Le plus connu de tous est sans contredit Gerry Tsai, qui débuta chez Fidelity au début des années 1960, une période qui recevra plus tard le qualificatif d’«années à gogo»sur les marchés. Tout comme la danse du même nom, les marchés boursiers peuvent rapidement devenir une source de joie intense. Un parallèle évidemment facile à faire avec ce qu’on a vécu depuis 2010.

Gerry Tsai a révolutionné la gestion des fonds communs, qui était à cette époque excessivement conservatrice. À ce moment, la prudence est de mise, les dividendes sont la principale source de rendement, la diversification est nécessaire et la conservation du capital est l’objectif ultime.

Dans une décision qui chamboulera la finance, Tsai décide d’opter pour des entreprises technologiques en forte croissance. Après un rapide succès éclatant, il quitte Fidelity pour créer son propre fonds:le Fonds Manhattan. Alors qu’il espérait obtenir des fonds totalisant 25 millions de dollars américains (M $US), la somme de départ est dix fois plus élevée, soit 250 M$US, un chiffre jamais vu à l’époque.

Dans la gestion de son fonds, Tsai favorise les entreprises qui promettent de changer la façon de vivre des Américains. Mais en période d’incertitude, ce sont les entreprises ayant les profits les plus minces qui sont habituellement les plus affectées. Le marché haussier ralentit à la fin des années 1960, puis il s’effondre totalement au printemps 1970. Les futures vedettes telles que Xerox (XRX, 19,08$US), Electronic Data System ou Polaroid, qui composent le fonds Manhattan, sont les plus touchées. Le Fonds Manhattan perd 90 % de sa valeur et sera éventuellement liquidé.

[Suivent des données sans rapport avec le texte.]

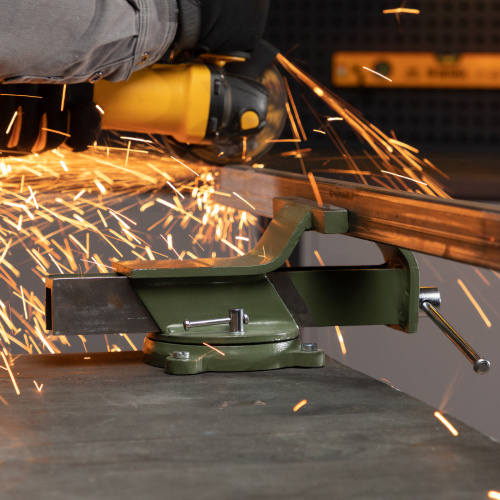 Тиски слесарные, 150 мм, стальные, поворотные Сибртех по ценам производителя в Воронеже с доставкой по всей России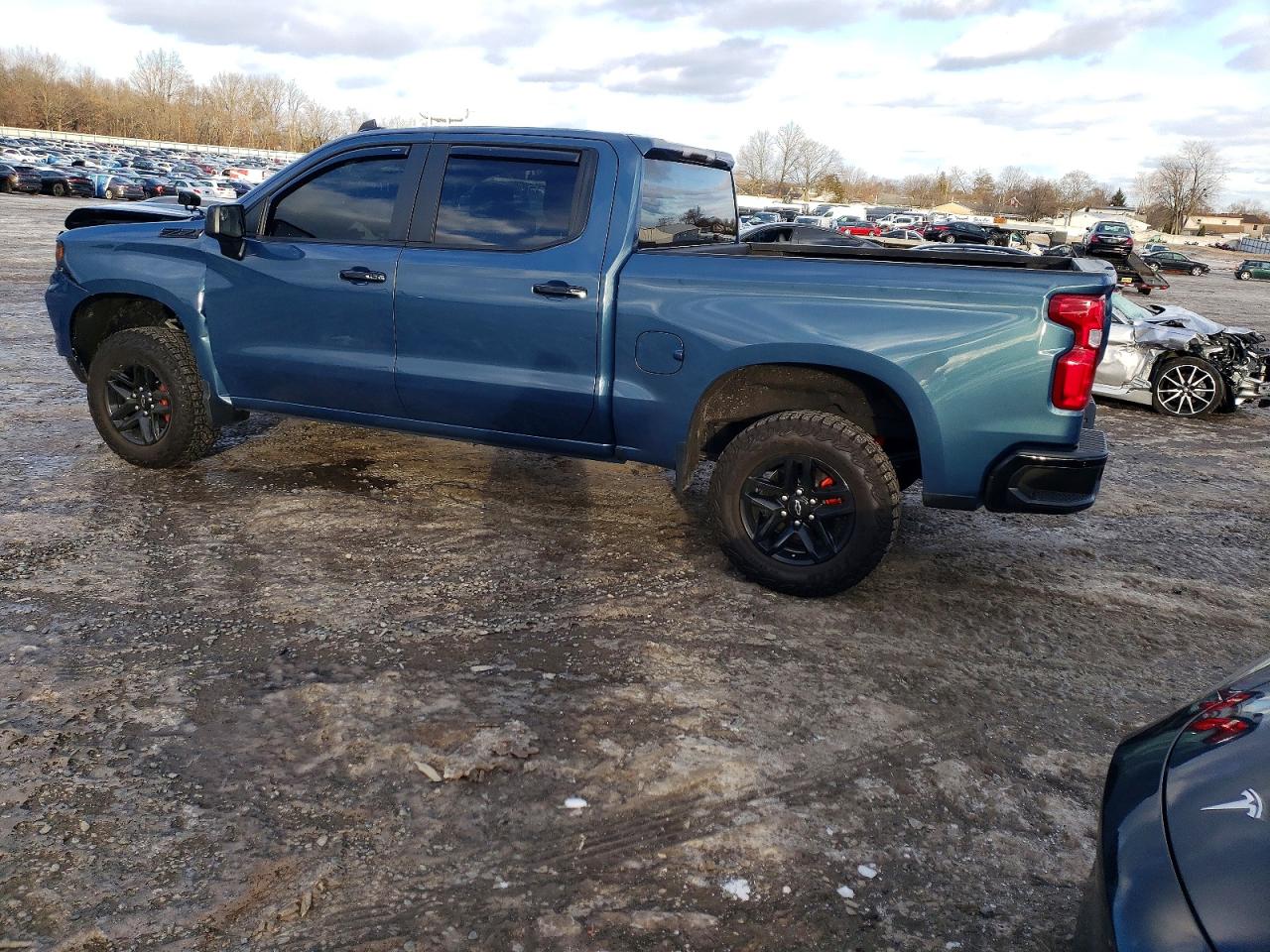 2024 CHEVROLET SILVERADO K1500 LT TRAIL BOSS photo 2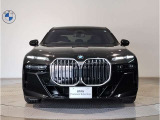 ☆BMWの代名詞とも言える【キドニーグリル】一目見ただけでBMW車であると認識できる確固たるアイコンとして存在感を放ちます☆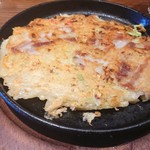 Okonomiyaki Doujou - お好み焼（ぶた）　562円
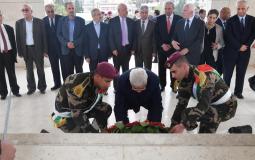 الرئيس محمود عباس يضع اكليلا من الزهور على ضريح الرئيس الشهيد عرفات بحضور أعضاء اللجنة التنفيذيةالجدد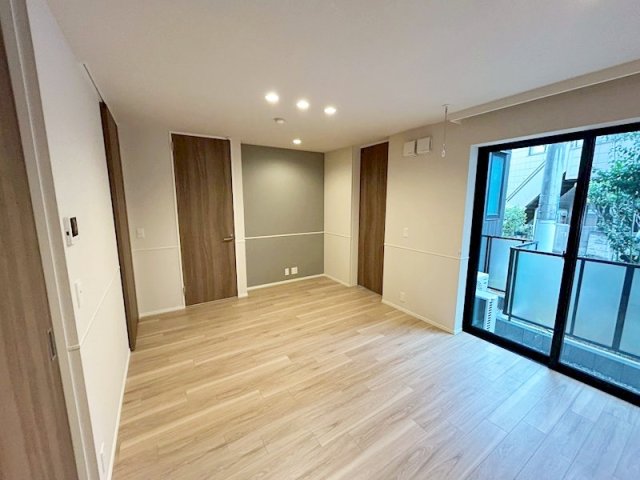 居室・リビング　開放感のあるゆったりとしたお部屋です♪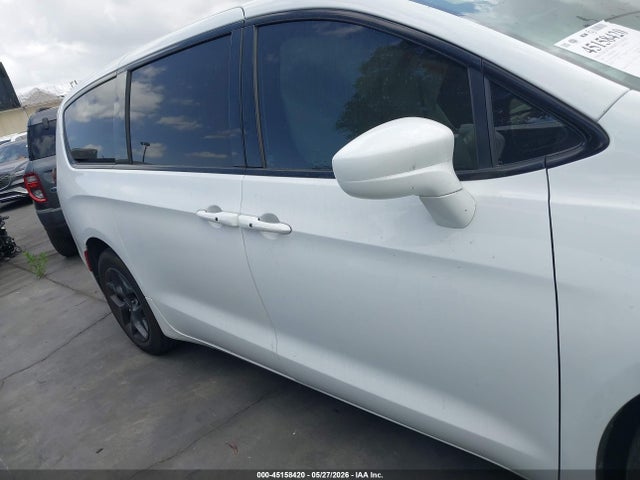 2C4RC1FG6LR282129 Chrysler Pacifica Touring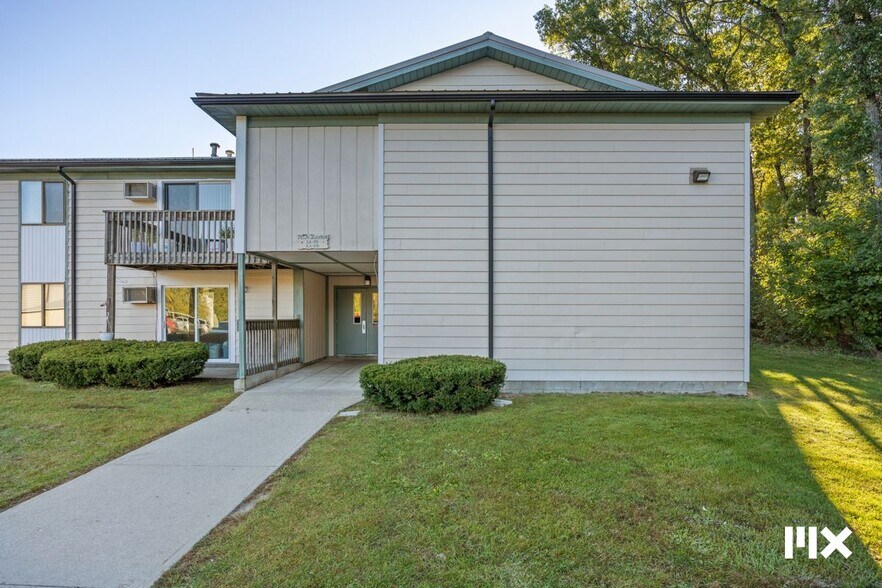 More Photos Of 70 N Lester St, White Cloud Apartments For Sale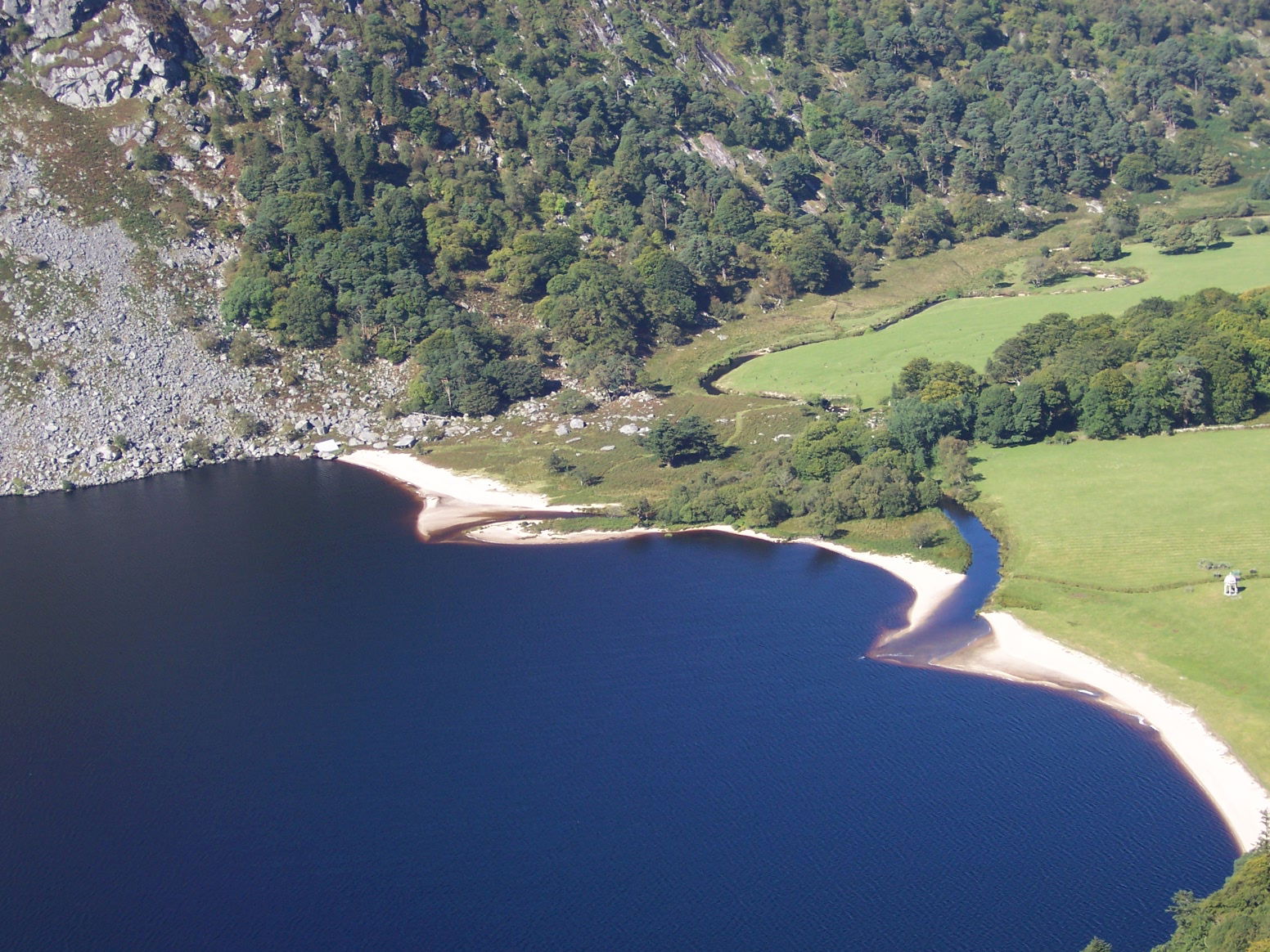 Lago Guinness, por WillyFog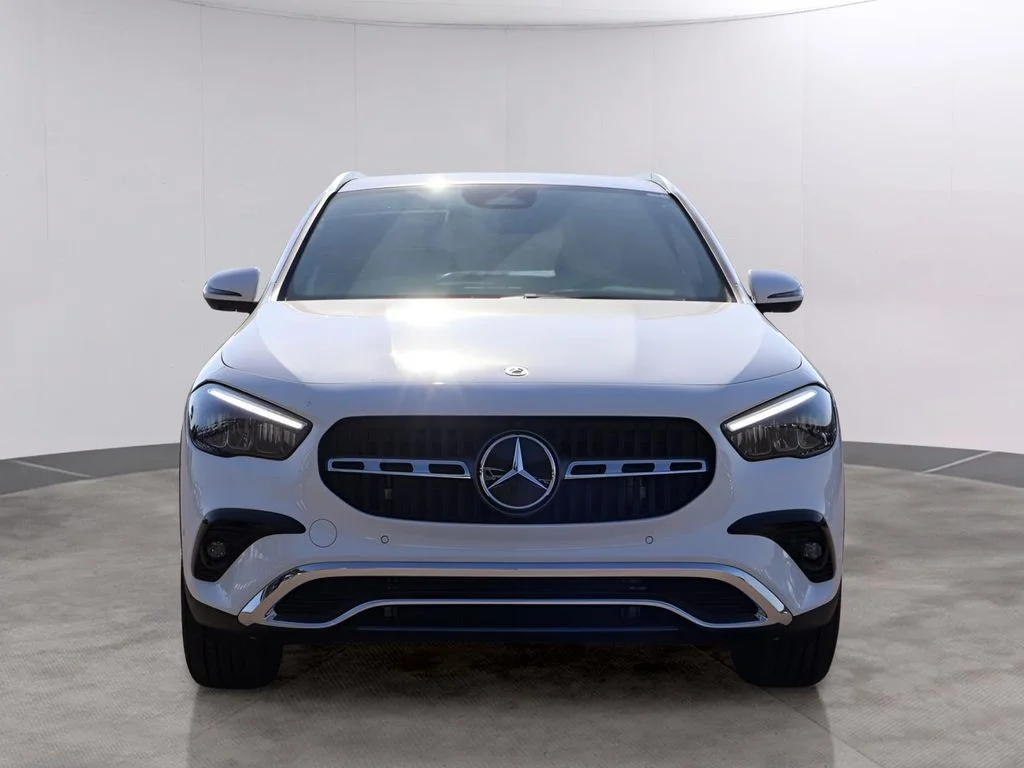 Used 2026 Polar White Mercedes-Benz GLA 250 image 2
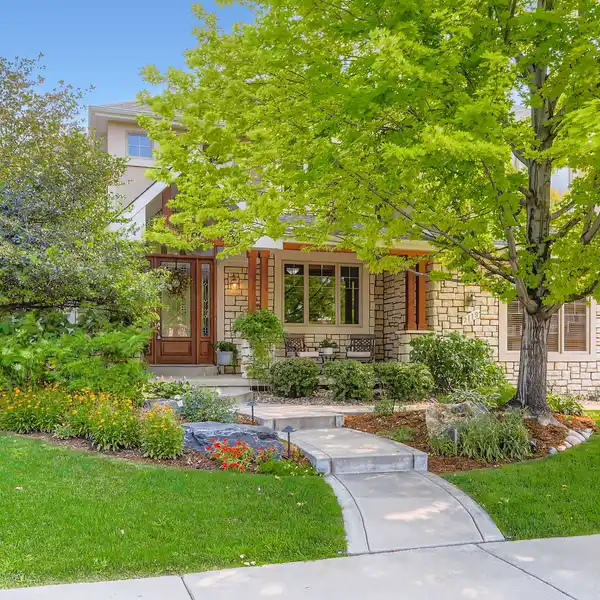 SPACIOUS HOME ON QUIET CUL-DE-SAC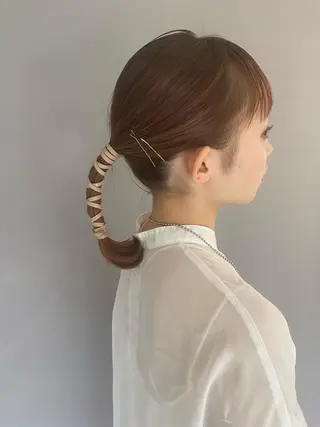 セミロング ヘアアレンジ shiori ﾍﾞｰｼﾞｭｶﾗｰのヘアスタイル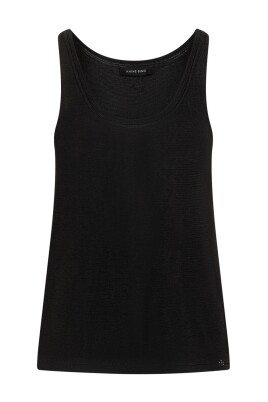 debardeur-en-tricot-classique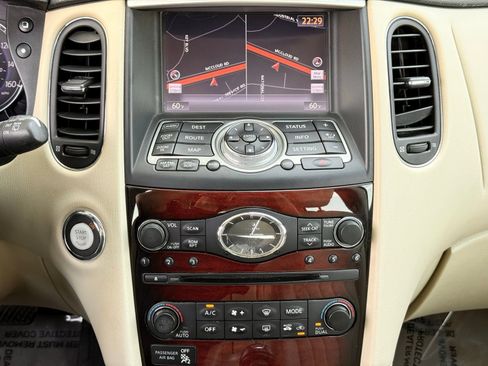 Used 2016 INFINITI QX50 2WD w/ Premium Plus Package image 42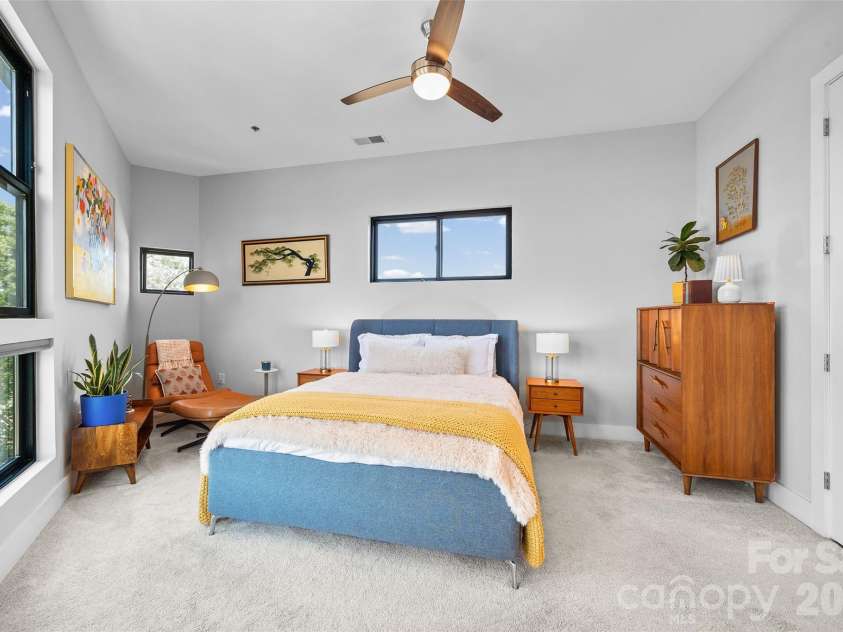 501 37th Street, Charlotte, NC 28205.  MLS# CAR4424204, YatesRealty ID 11906.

Cathie Wood a évidemment suivi le même chemin pour construire son portefeuille. L’objectif du fonds Ark Innovation est d’investir activement dans des entreprises publiques cherchant, à long terme, à modifier la façon dont le monde fonctionne. Les secteurs favorisés sont ceux de l’intelligence artificielle, des véhicules autonomes, des biotechnologies ainsi que de la robotique. Évidemment, les entreprises de ces secteurs sont habituellement en grande croissance et l’ensemble des capitaux est investi en recherche et développement. Les profits, lorsque présents, sont minces et trouvent rarement le chemin des actionnaires.

Par exemple, à l’heure actuelle, les plus importants investissements du fonds Ark Innovation sont:

  • Tesla (TSLA, 782,11$US)
  • Coinbase (COIN, 73,45 $US)
  • Teladoc Health (TDOC, 36,40 $US)
  • Roku (ROKU, 97,21 $US)
  • Zoom (ZM, 113,03 $US)
  • Block (SQ, 87,53 $US)
  • Exact Sciences (EXAS, 51,00 $US)
  • Unity Software (U, 44,03 $US)
  • Twilio (TWLO, 110,11 $US)
  • Spotify (SPOT, 116,90 $US)

 

En période de marché haussier et lorsque les capitaux abondent, ces entreprises, qui vendent du rêve et qui sont synonymes d’avenir pour la plupart de gens, sont généralement celles qui vont le mieux performer, car le narratif est intéressant et facilement compréhensible par les investisseurs. Cependant, quand on regarde sous le vernis doré, on ne peut qu’être horrifié par l’absence de profits et de flux monétaires liés aux opérations.

Dans le cas du Fonds Manhattan, ce sont ceux qui ont investi vers la fin du marché haussier qui seront les plus touchés. Et c’est ici que le lien avec Cathie Wood est particulièrement révélateur. La majeure partie des détenteurs de parts actuels du fonds Ark Innovation n’ont pas profité des gains spectaculaires du fonds, car ils viennent tout juste d’y investir. Extraordinairement, la firme de Cathie Wood a en effet vu une entrée nette de fonds dans son produit phare depuis le début de l’année. Il semble que les investisseurs devront ressentir encore plus de douleur pour enfin comprendre que le pire réflexe, en Bourse, est de tenter d’attraper un couteau qui tombe.